Not all kinds of anxiety are pernicious. There’s the milder type that can sometimes be justified. But more often than not, when the behavior gets patterned, that may signal a problem.

It becomes up to you to distinguish and act accordingly. Based on which, you’ll know when and how to discourage or encourage. Plus, you’ll be able to know if your dog walking between your legs needs medical attention.

4. Hypersexuality: One More Reason to Look Out For!

If you notice that not only does your dog walk between your legs but also humps it, then that might nudge the issue in another direction.

Causes of Humping

Providing that hypersexuality is the cause of humping and not something else, then probably this won’t be a behavioral disorder. Instead, it’ll be an underlying organic issue.

Namely, the underlying medical condition could be Benign Prostatic Hyperplasia. This disease is relatively common, affecting 80% of male dogs over five years of age.

Besides that disease, humping can be due to a surge in hormones. In either case, you’ll need to take your dog buddy to a vet, especially in the case of prostate disease.

You need to know, though, that humping isn’t necessarily attributed to hypersexuality. It can be due to stress or anxiety. It can also be a form of attention-seeking.

Neutering as a Proposed Solution for Humping

To solve humping, you may need to resort to neutering. That simply means sterilizing your dog. Don’t worry, though; that isn’t as bad as it seems.
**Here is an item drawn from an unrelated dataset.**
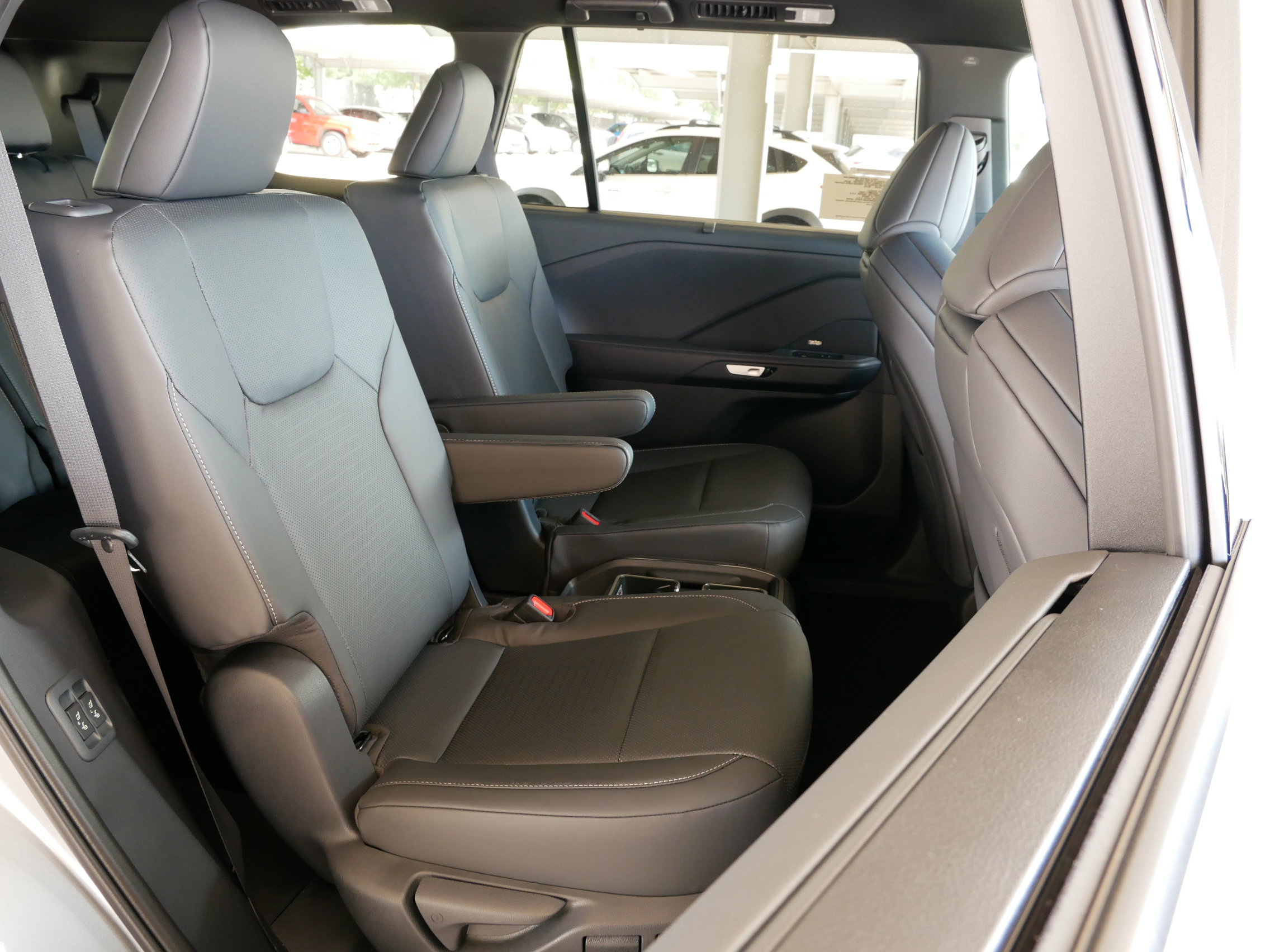 New 2026 Lexus TX 500h AWD image 8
Neutering is a reasonably standard procedure.

This procedure aims at preventing pet overpopulation, which is a problem on the rise, much like humans.

It also keeps your dog from getting many diseases, including:

  • Tumors in the testicles
  • Prostate problems
  • Hernias
  • Perianal tumors

Neutering can help as well in correcting behavioral issues like aggression and anger. That’s due to the plummeting of sex hormones, manifesting in a much calmer dog.

How to Encourage Certain Behaviors, and Discourage Others?

If your dog keeps walking between your legs with no apparent reason, that may indicate that there’s indeed a danger looming around.

When noticing that your dog acts this way in inappropriate situations, you might want to encourage your dog for his good call. So how to encourage and how to do the opposite?

Here are ways of encouraging:

  • Positive reinforcement training
  • Consistent practice
  • Praising: both verbally and with nonverbal cues
  • Spend more time with it
  • Play more often!

Here are ways of discouraging:

  • Withholding attention and ignoring the behavior
  • Stifling laughter even if it seemed funny
  • Steering them away by providing a distraction
  • Removing the trigger for the behavior
  • Again, practice! Maybe even with the help of a trainer

Final Thoughts

Dogs walking between your legs can be their way of singing the blues, or it can be a scream for help. It also can be a disease, either behavioral or organic.

How you should act ranges from turning a blind eye to visiting the vet. Whatever’s best for your beloved pet!